The giant cicada (Quesada gigas), also known as the chichara grande, coyoyo, or coyuyo, is a species of large cicada native to North, Central, and South America. One of two species in the genus Quesada, it is the widest ranging cicada in the Western Hemisphere.

== History ==
The giant cicada was discovered by Guillaume-Antoine Olivier in 1790. British naturalist Henry Walter Bates described the shrill songs of the cicadas during his exploration in the Amazon in the late 1840s. There are historical records of the cicada in Bexar County, Texas starting in 1934, but this population died out - possibly due to the extended drought of the 1950s. Since 2005, the cicada population has grown and become widespread in central Texas. It currently ranges from central Texas to as far south as Mina Clavero, Argentina.

== Description ==
The giant cicada is one of the largest cicada species in North America. Like other Texan species, the giant cicada has an appearance that helps it camouflage into the environment. These true bugs are usually a combination of black, green and brown patterns, with brown to olive eyes and a brownish-green pronotal collar color. Texan cicadas distinguish themselves by sound, rather than appearance.

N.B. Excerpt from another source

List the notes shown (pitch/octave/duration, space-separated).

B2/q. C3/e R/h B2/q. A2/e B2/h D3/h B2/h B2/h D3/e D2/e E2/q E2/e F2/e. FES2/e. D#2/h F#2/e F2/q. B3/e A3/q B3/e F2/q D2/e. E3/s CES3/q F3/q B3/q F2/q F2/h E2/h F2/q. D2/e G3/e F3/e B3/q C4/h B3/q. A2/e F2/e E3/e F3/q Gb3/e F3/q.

== Distribution and habitat ==
The giant cicada is the only species of the genus Quesada found in North America. The species feeds off of a wide variety of plant families. As an endothermic species, it has the ability to live in a wide range of environments. In the United States, the giant cicada primarily resides in the South Texas brushland, in an area spanning approximately from Laughlin Air Force Base (near Del Rio, Texas) in the west through Uvalde, San Antonio and Austin in the east, ranging nearly to the western limits of Houston. There have been sightings near cities such as Bellville, Brenham, Chappell Hill and Hempstead, Texas. Further south, its range includes most of the southern half of Texas before entering into Mexico, where it is primarily found from Coahuila, along the Mexican Gulf coast states, through to the Yucatán Peninsula. The species' range typically does not extend inland or far to the west until San Luis Potosí. In the west of Mexico, its range begins just north of Mazatlán and continues southward, along the coast, and inland through Guadalajara, Mexico City and all regions further south.

South of Mexico, the giant cicada is found across much of Belize, El Salvador, Guatemala, Honduras, Nicaragua, Costa Rica, Panama, Brazil, Colombia, Ecuador, Venezuela, the Guianas, Trinidad and Tobago, Bolivia, Peru, Paraguay and Uruguay. In Argentina, the species' range stretches as far south as Buenos Aires and Córdoba and as far west as San Juan and San Luis Provinces.

== Song ==
Giant cicadas produce a remarkably distinct and loud sound, singing primarily at dusk, and less often at dawn in central Texas. It has been known to sing all day and occasionally through the night further south. Its loud, shrill song has been described as a siren or alarm, a whistle, or gas escaping a pressure release valve. Although the giant cicada resides over a large area of land, there is almost no variation in its song throughout its range.

== Life cycle ==
Immature giant cicadas spend at least four years underground before emerging as adults. The cicadas feed on tree roots, typically Huisache or other members of the legume family. They usually emerge between April and October in south Texas, and from June to July in central Texas.